# Math Help - log change formula

1. ## log change formula

Can someone please help me with these optimisation questions finding it very difficult (ps have given what i think is valid answer to q1 but cant do q2 at all.)
note: 2^6 measn 2 to the power of 6,
note: theta is a capital theta
note: log c (a) means log to the base c of a

1) Let a, b, c be positive real numbers. Show that loga(b) = logc(b)/ logc(a).
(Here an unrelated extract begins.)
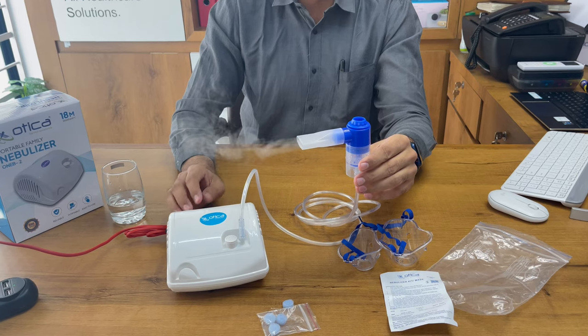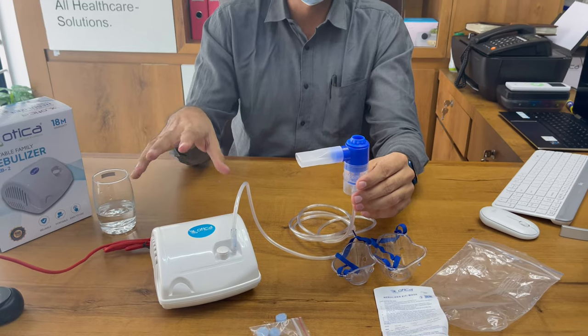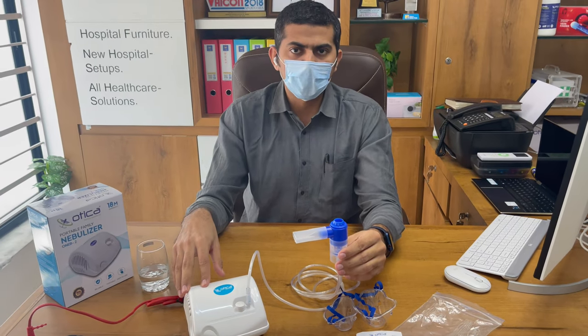For better machine life, we recommend using the machine for 30 minutes and then resting it for 30 minutes. This will give it a longer life. This is a very durable machine you can depend on. Thank you for watching.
( i think i have the answer to this can someone pls confirm this is a thoroguh enough proof

let y= log a (b)
then a^y =b
so taking logarithms to the base c gives

log c (a^y)= log c (b)
implying
ylog c(a) = log c (b)
so: y = log c (b)/log c (a)

2) Let a, b be real numbers, with a>0 and b > 0. Show (n + a)^b = theta(n^b). Show that (log n)^b = o(n^a). (For concreteness let’s take ‘log’ to mean ‘log2’.

thanx edgar

2. Originally Posted by edgar davids
Can someone please help me with these optimisation questions finding it very difficult (ps have given what i think is valid answer to q1 but cant do q2 at all.)
note: 2^6 measn 2 to the power of 6,
note: theta is a capital theta
note: log c (a) means log to the base c of a

1) Let a, b, c be positive real numbers. Show that loga(b) = logc(b)/ logc(a).
(It does not work if some are equal to 1).

$\log_a b = x, \ \log_c b = y , \ \log_c a = z$.
$a^x = b , \ c^y = b , \ c^z = a$
$a^x = b \implies (c^z)^x = b \implies c^{xz} = c^y \implies xz = y$.